Com uma longevidade dedicada à Banderona, manifestação cultural dos devotos a São João Baptista, que se realiza anualmente em Campanas, entre os meses de Janeiro e Fevereiro, Nhô Mulato, fora o Kordidjêro, figura com o supremo poder de orquestrar e de dirigir os 24 dias de festa rixa e desabrida, considerada por muitos como a maior e a mais ancestral de Cabo Verde.
Envolvendo uma estrutura complexa, a Banderona, como todas as Bandeiras da Ilha do Fogo, tem os seus arreias e as suas romarias, umas sagradas, outras profanas, mas todas de profundo sincretismo, onde os populares dão largas aos seus sentimentos de devoção e à memória histórica.

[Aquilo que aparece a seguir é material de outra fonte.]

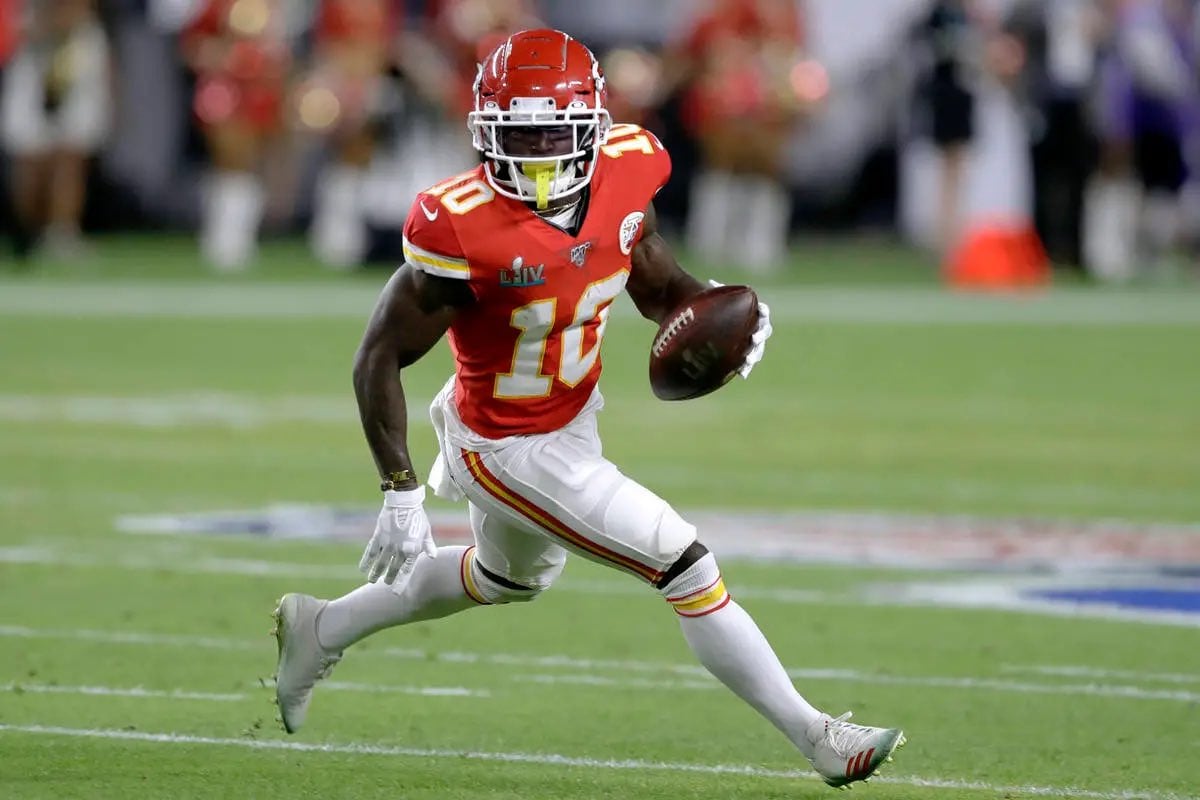 Chiefs players recreate Tyreek Hill’s signature move after Miami’s Week 2 loss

Os juízes, os padrinhos, os tamboreiros, os kanizados, os coladores e as coladeras, as cozinheiras, os ladrões, os escravos, os santos e os demónios, bem como os entes vivos e mortos, todos os imprescindíveis do arquétipo e do conteúdo da sociedade de Campanas, choram a partida de Nhô Mulato e festejam a continuidade da Bandeira de São João Baptista, já que a morte é apenas uma etapa da vida, senão mesmo sua continuidade.
O que envolve a Banderona vem do antanho e tem a ver com a nossa espiritualidade. Não valerá a pena seguirmos a estrada dos novos dias, se deixarmos pela caminhada a nossa alma ancestral e o nosso sentido primordial.
Vamos parar tudo, mas tudo, nessa hora grave e ouçamos a voz dos cantores e o rufar dos tambores (todos os tambores de Cabo Verde afinal). Mulato morreu. Estremeça o mundo, como diz a lenda, à procura dos três meninos e os sons do fim do mundo. Venham chuva, raio e trovão. Venham todos. Hora grave. Di kudi baxon. Vamos fincar o Mastro no coração de Cabo Verde!
2 comentários:
Belo texto, meu irmão. Já tinha saudades. A quem sabe nunca esquece. Volta mais vezes. A tua ausência é crime de lesa cultura!
Abç
ZCunha
Belos poemas e textos por aqui. fiquei cliente.